La posadera Mauricia Costales siempre entraba sonriente por el porton de aquel patio.
Mauricia Costales se levantaba temprano a ponerles el almuerzo a loa arrieros. Luego limpiaba el chiogre, arreglaba las caballerizas, subia a despertar a Veredigna para mandarla a la escuela, terciaba el colchon (con la meada) sobre la galeria y, por ultimo, levantaba a su tio Leon (de quien ya sabemos que las noches sin estrellas dormia sin conocimiento).

-Dile a tu hija Veredigna que debe orinar nueve veces durante nueve dias seguidos encima de las ortigas de flores blancas.
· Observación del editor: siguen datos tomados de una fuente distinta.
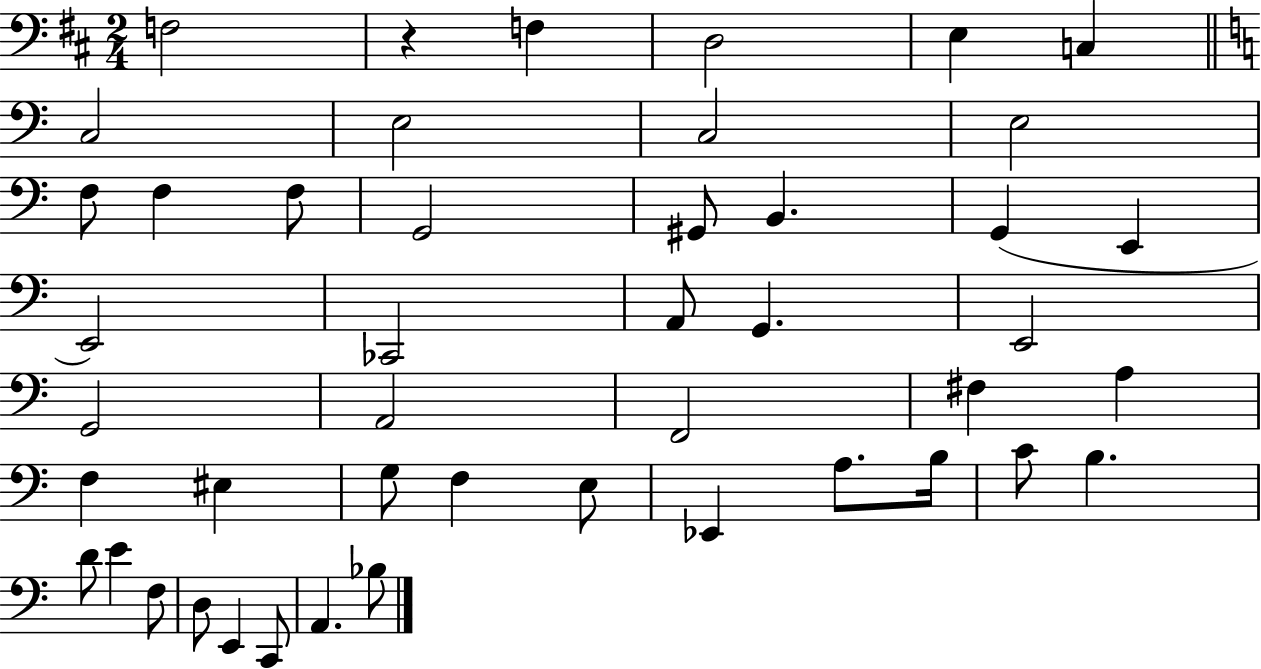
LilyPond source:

{
  \clef bass
  \numericTimeSignature
  \time 2/4
  \key d \major
  \repeat volta 2 { f2 | r4 f4 | d2 | e4 c4 | \break \bar "||" \break \key a \minor c2 | e2 | c2 | e2 | \break f8 f4 f8 | g,2 | gis,8 b,4. | g,4( e,4 | \break e,2) | ces,2 | a,8 g,4. | e,2 | \break g,2 | a,2 | f,2 | fis4 a4 | \break f4 eis4 | g8 f4 e8 | ees,4 a8. b16 | c'8 b4. | \break d'8 e'4 f8 | d8 e,4 c,8 | a,4. bes8 | } \bar "|."
}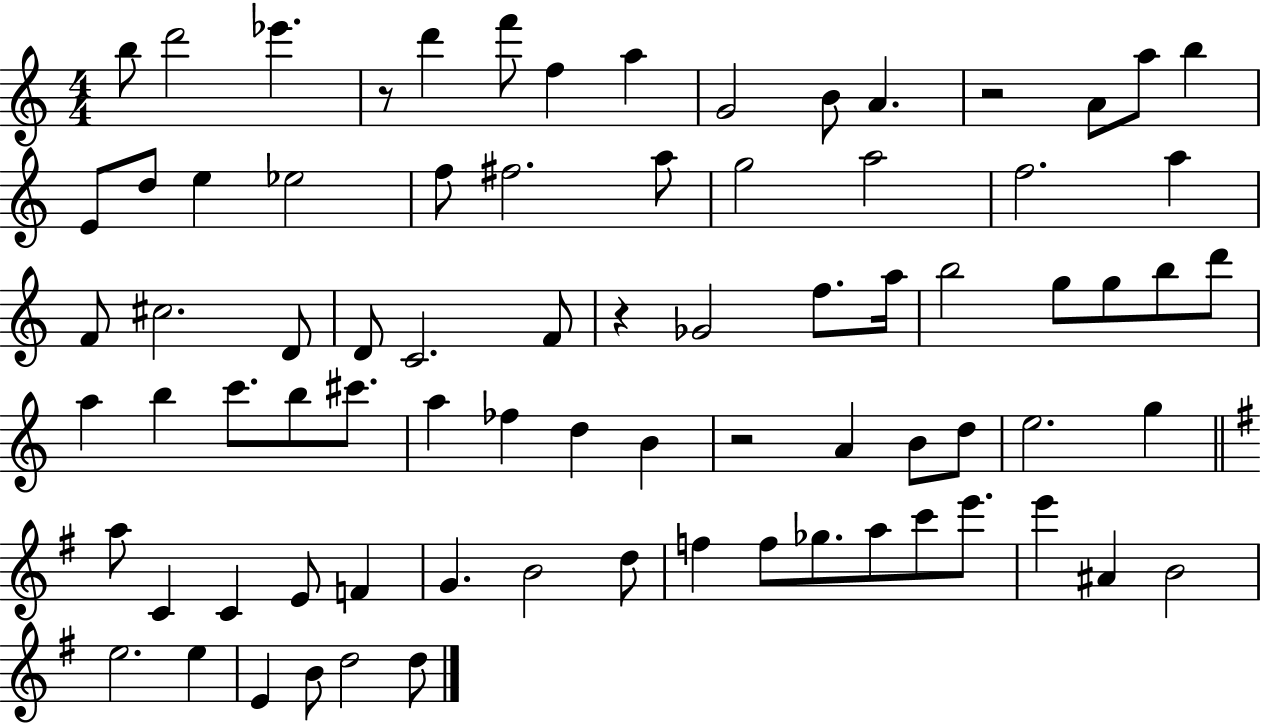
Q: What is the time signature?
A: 4/4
Dale tambien a beber cocimientos de pie de leon y zurron de pastor, plantas que abundan en los claros del bosque de Cueres, siempre cerca de rocas blancas.
- ¿Y para las verrugas del tio Leon?
-Que se ponga pedazos de carne cruda en las verrugas y los entierre despues hasta que se pudran. Que se las unte despues con leche de higo robado al amanecer.
Mairicia Costales de Caso, viuda de Orestes Tablon, era una mujer muy aplicada y de mucha brega. No obstante, en las cosas de la casa, le echaba una mano Alvarina Odalisca.

Mauricia y Dulce Nombre se juntaban todas las mañanas para tomar infusiones de milenrama con pan frito y, a la vez, contarse los pensamientos. Tambien se friccionaban los cuerpos, mutuamente, con mucha dulzura.
Para esto de los masajes, las viudas usaban leche de Islandia, jugo de limon y pure de algas y margaritas.
La hermosura de Maura era arrogante y comprometedora. La de Dulce Nombre era serena y fresca, como recien llegada con la ultima brisa.
Seguia soplando en el patio el viento caliente del sur.
- ¿Nos quitamos toda la ropa?
- ¿Tu crees que estaremos mejor?
-Si, mujer, ya lo veras.
Mauricia, sentada sobre el cuerpo desnudo de Dulce Nombre, hablaba sobre la magica noche de amor y lluvia que habia pasado con Efren Alonso. Mientras lo hacia iba soltando caricias sobre el cuepo de su amiga Dulce, reviviendo, sin darse cuenta, las escenas de la noche anterior.
Dulce apretaba las lagrimas sobre el colchon de hojas.
- ¿Lloras?.
Desato el nudo de su garganta y le relato a Maura el motivo de su pena.
En el patio se andaban alborotando las andarinas.
-Un hijo es lo que mas he deseado siempre, pero este no puedo tenerlo.
Los dos cuerpos desnudos se abrazaron y las sutiles caricias fueron surgiendo, como un orbayu de miel, hasta exhumar el secreto de la vida (que no es otro que el placer inedito), y aquellas mujeres, de cuerpos desahogados y almas llorosas, anegaron soledades en todas sus hendiduras y encontraron, sin haberlo buscado, entre humedades desconocidas, todo aquello que no habian querido saber ni creer.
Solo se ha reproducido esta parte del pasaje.